» **SUPPLIED MATERIAL**
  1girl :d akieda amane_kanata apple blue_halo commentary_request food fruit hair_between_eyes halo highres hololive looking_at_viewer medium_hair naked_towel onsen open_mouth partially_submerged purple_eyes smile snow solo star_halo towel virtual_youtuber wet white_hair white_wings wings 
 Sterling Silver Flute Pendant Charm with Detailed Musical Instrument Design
--
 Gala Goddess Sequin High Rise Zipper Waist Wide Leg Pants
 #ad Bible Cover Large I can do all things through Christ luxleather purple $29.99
--
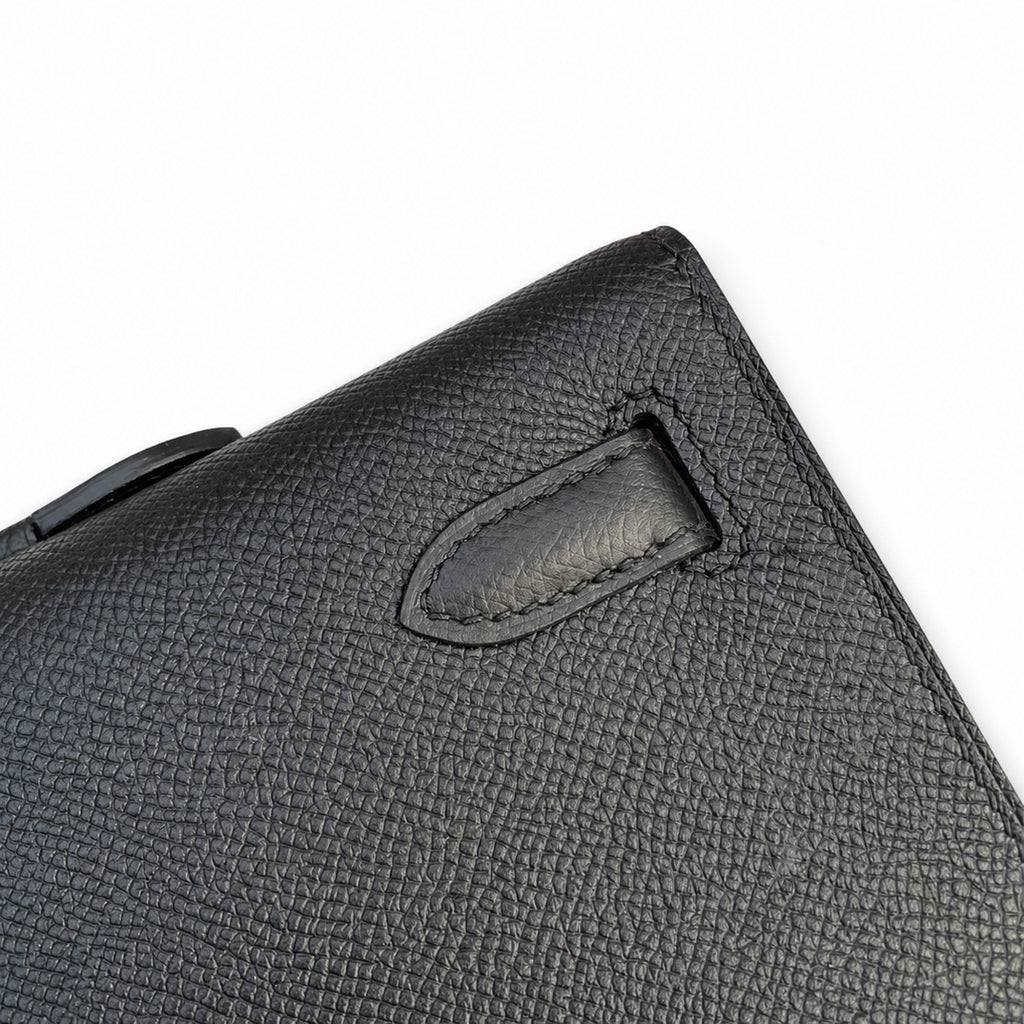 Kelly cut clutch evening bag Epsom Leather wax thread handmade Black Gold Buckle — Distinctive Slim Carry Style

» **THE PROBLEM**
Only the lines above from the one with "1girl :d akieda" up to and including the one with "Sterling Silver Flute" should be repeated, exactly as written.

» **SOLUTION FOR THIS EXERCISE**
  1girl :d akieda amane_kanata apple blue_halo commentary_request food fruit hair_between_eyes halo highres hololive looking_at_viewer medium_hair naked_towel onsen open_mouth partially_submerged purple_eyes smile snow solo star_halo towel virtual_youtuber wet white_hair white_wings wings 
 Sterling Silver Flute Pendant Charm with Detailed Musical Instrument Design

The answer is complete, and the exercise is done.